Reformat TransformerComputeKernelsLayered by adjusting Javadoc annotations, reorganizing line breaks, and improving parameter alignment for enhanced readability and consistency.

mikepapadim · mikepapadim · commit 47406da9b4b6 · 2025-08-03T22:08:02.000+03:00
diff --git a/src/main/java/com/example/tornadovm/TransformerComputeKernelsLayered.java b/src/main/java/com/example/tornadovm/TransformerComputeKernelsLayered.java
@@ -16,22 +16,23 @@ public TransformerComputeKernelsLayered() {
     }
 
     /**
-     * Performs RMS (Root Mean Square) normalization using parallel reduction.
-     * This is the first phase of RMS normalization that computes the variance
-     * and scaling factor across all work groups.
+     * Performs RMS (Root Mean Square) normalization using parallel reduction. This is the first phase of RMS normalization that computes the variance and scaling factor across all work groups.
      *
-     * Algorithm:
-     * 1. Each thread computes square of its input element
-     * 2. Work group performs parallel reduction of squares
-     * 3. Partial sums stored per work group
-     * 4. First thread combines all partial sums and computes normalization factor
+     * Algorithm: 1. Each thread computes square of its input element 2. Work group performs parallel reduction of squares 3. Partial sums stored per work group 4. First thread combines all partial
+     * sums and computes normalization factor
      *
-     * @param context Kernel execution context
-     * @param output Array to store partial sums and final normalization factor
-     * @param x Input array to normalize
-     * @param size Number of elements to process
-     * @param ermsNorm Epsilon value squared for numerical stability
-     * @param localMemSize Size of local memory allocation (must match work group size)
+     * @param context
+     *         Kernel execution context
+     * @param output
+     *         Array to store partial sums and final normalization factor
+     * @param x
+     *         Input array to normalize
+     * @param size
+     *         Number of elements to process
+     * @param ermsNorm
+     *         Epsilon value squared for numerical stability
+     * @param localMemSize
+     *         Size of local memory allocation (must match work group size)
      */
     public static void reductionOneBlockWithLayer(KernelContext context, FloatArray output, FloatArray x, int size, float ermsNorm, int localMemSize) {
         int gid = context.globalIdx;
@@ -80,16 +81,20 @@ public static void reductionOneBlockWithLayer(KernelContext context, FloatArray
     }
 
     /**
-     * Applies the computed normalization factor to input and weight elements.
-     * This is the second phase of RMS normalization.
+     * Applies the computed normalization factor to input and weight elements.
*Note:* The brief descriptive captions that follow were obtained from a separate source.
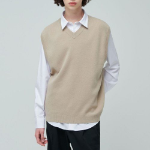 Lambswool V-Neck Knit Vest – Beige
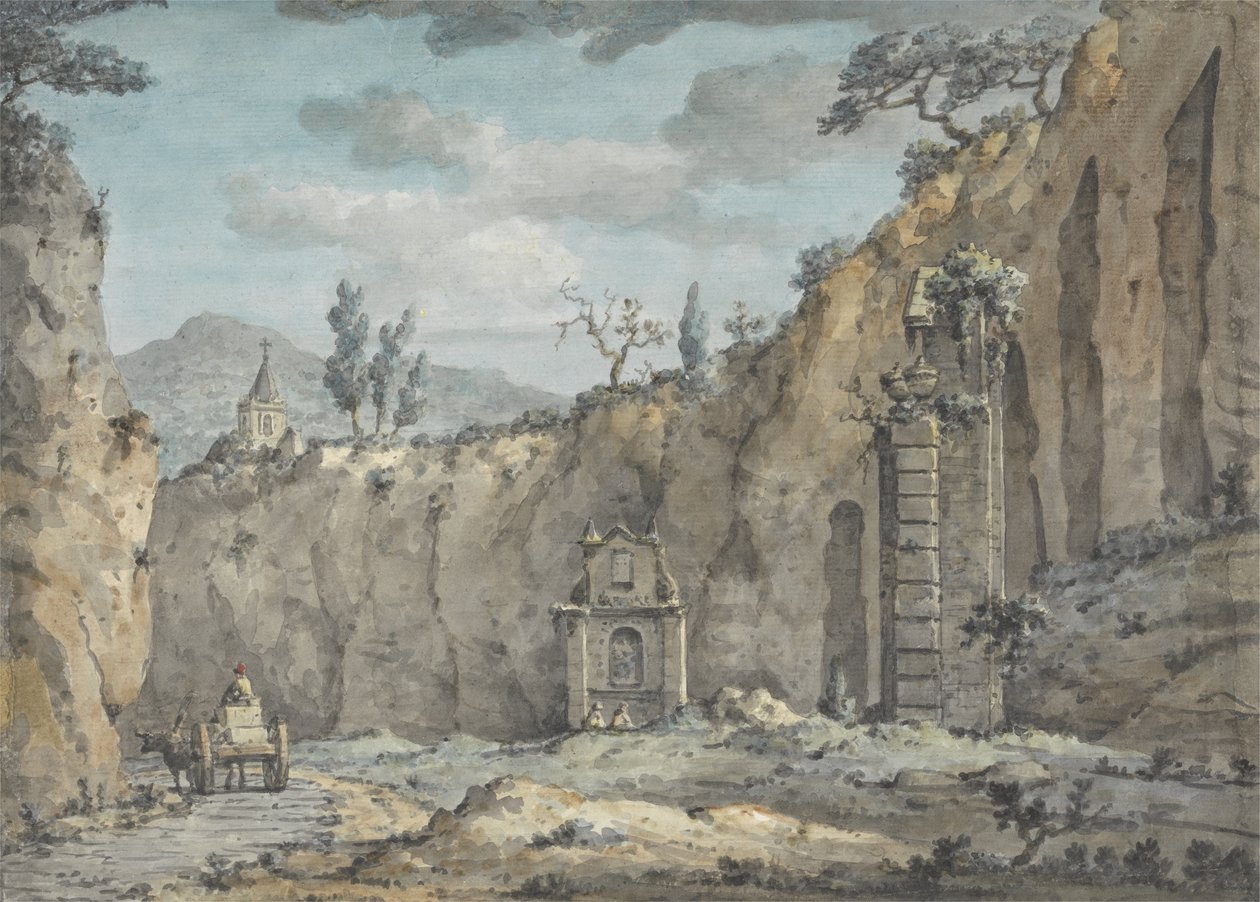 在Posillipo的石窟中的Oxcart，1770（纸上的石墨上的wc） 作者 威廉·马洛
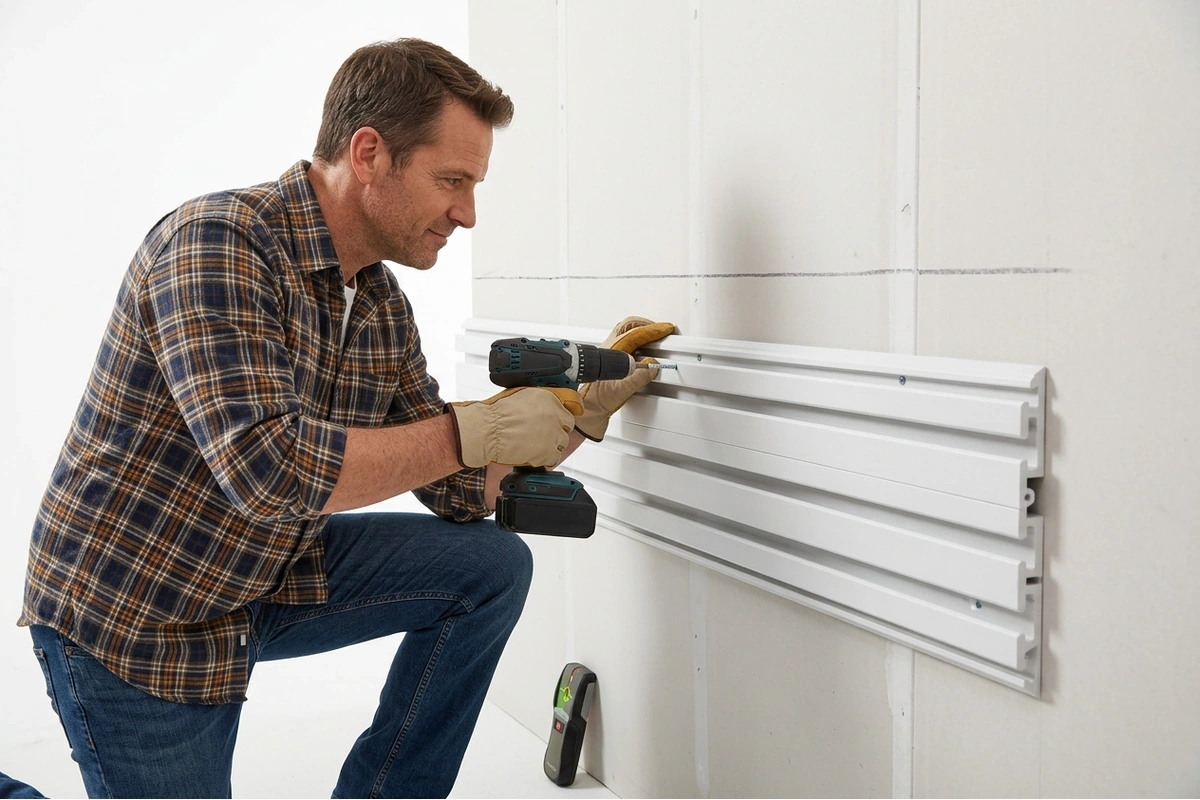 Homeowner drilling NorskWall slatwall panel into garage wall studs during DIY installation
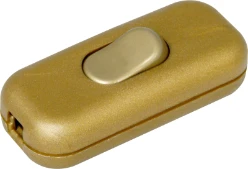 Snoerschakelaar, 1P, 2A, goud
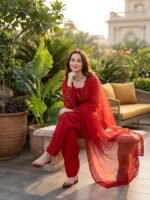 Red Color Natural Crepe Fabric Thread With Sequence Work Farshi Style Suit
This is the second phase of RMS normalization.
      *
      * Formula: output[i] = weight[i] * (normalizationFactor * x[i])
      *
-     * @param context Kernel execution context
-     * @param output Array for normalized output
-     * @param x Input values to normalize
-     * @param weights Weight values for each element
-     * @param temp Temporary array containing normalization factor at index 0
+     * @param context
+     *         Kernel execution context
+     * @param output
+     *         Array for normalized output
+     * @param x
+     *         Input values to normalize
+     * @param weights
+     *         Weight values for each element
+     * @param temp
+     *         Temporary array containing normalization factor at index 0
      */
     public static void reductionOneBlock2WithLayer(KernelContext context, FloatArray output, FloatArray x, FloatArray weights, FloatArray temp) {
         int gid = context.globalIdx;
@@ -99,21 +104,26 @@ public static void reductionOneBlock2WithLayer(KernelContext context, FloatArray
     }
 
     /**
-     * Copies keys and values into the key-value cache for attention computation.
-     * Enables efficient access to past key-value pairs during autoregressive generation.
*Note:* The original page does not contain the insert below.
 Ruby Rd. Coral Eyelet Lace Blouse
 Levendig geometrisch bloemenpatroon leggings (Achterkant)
+     * Copies keys and values into the key-value cache for attention computation. Enables efficient access to past key-value pairs during autoregressive generation.
      *
-     * Cache layout: [layer][position][dimension]
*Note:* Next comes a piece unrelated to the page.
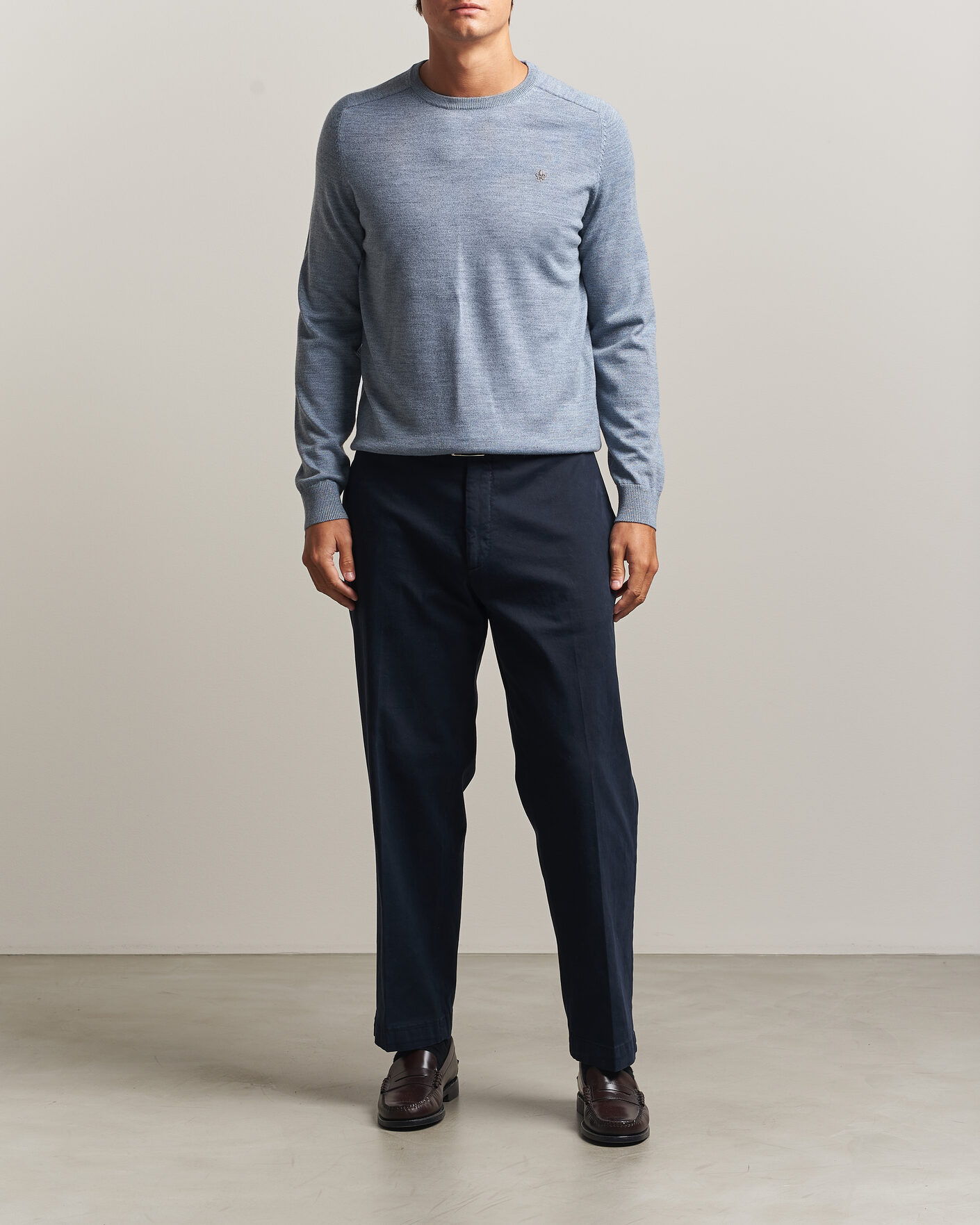 Homme | Pulls Et Tricots | Morris | Merino O-Neck Light Blue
-     * - Each layer has its own key and value cache
-     * - Each position in sequence has a key and value vector
+     * Cache layout: [layer][position][dimension] - Each layer has its own key and value cache - Each position in sequence has a key and value vector
      *
-     * @param destKeyCache Destination array for key cache
-     * @param srcKey Source keys to copy
-     * @param destValueCache Destination array for value cache
-     * @param srcValue Source values to copy
-     * @param positioNlayer Array containing current position
-     * @param kvDim Dimension of key/value vectors
-     * @param layer Current transformer layer index
-     * @param contextLength Maximum sequence length
+     * @param destKeyCache
+     *         Destination array for key cache
+     * @param srcKey
+     *         Source keys to copy
+     * @param destValueCache
+     *         Destination array for value cache
+     * @param srcValue
+     *         Source values to copy
+     * @param positioNlayer
+     *         Array containing current position
+     * @param kvDim
+     *         Dimension of key/value vectors
+     * @param layer
+     *         Current transformer layer index
+     * @param contextLength
+     *         Maximum sequence length
      */
     public static void copyToCache(FloatArray destKeyCache, FloatArray srcKey, FloatArray destValueCache, FloatArray srcValue, IntArray positioNlayer, int kvDim, int layer, int contextLength) {
 
@@ -127,7 +137,6 @@ public static void copyToCache(FloatArray destKeyCache, FloatArray srcKey, Float
         }
     }
 
-
     public static void copyTo(FloatArray src, int srcOffset, FloatArray dest, int destOffset, int size) {
         // Generic copy: src[srcOffset:srcOffset+size] -> dest[destOffset:destOffset+size]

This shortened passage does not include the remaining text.